Tuesday, July 6, 2010

Last Call

Been a while since I've talked about the commercial real estate market, but that's only because the residential one is so horrible still.  The commercial one however continues to collapse.
Office vacancies in the U.S. rose to the highest level since 1993 in the second quarter as the sluggish economic recovery damps demand from corporate tenants, Reis Inc. said in a report.

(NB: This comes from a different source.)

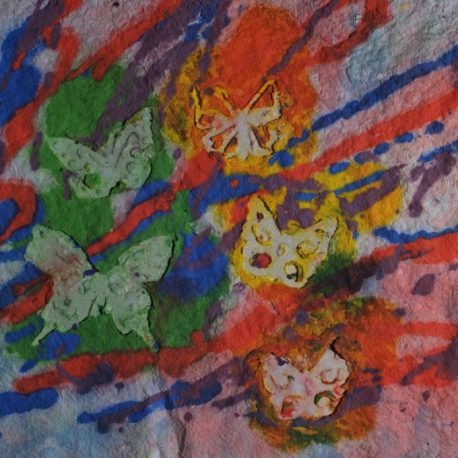 Pigment on recycled paper artwork with five white butterflies against a background of green, orange, light blue, dark blue, and red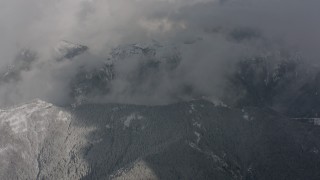 WA004_080 - 4K stock footage aerial video of a bird's eye view of clouds, revealing snowy mountain ridges in Washington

The vacancy rate climbed to 17.4 percent from 16 percent a year earlier and 17.3 percent in the first quarter, the New York-based research company said today in a statement. Effective rents, the amount tenants actually pay landlords, fell 5.7 percent from a year earlier and 0.9 percent from the previous three months, according to Reis.
That's staggering.  More than one in six office spaces in this country are vacant right now.  There is nothing that indicates that this will improve anytime soon and more than enough evidence to assume that this may jump to 19 or 20% soon.  Rents are down big time because of the oversupply...so why are these office spaces empty?

We built too many of them during the housing boom, simple.  Same goes for hotels...and even apartment vacancies are up now, people are trading down from condos to good apartments, from good apartments to decent ones, from decent apartments to lousy ones, and from lousy ones to the couch in Mom's basement...or worse.

The deflationary death spiral continues unabated.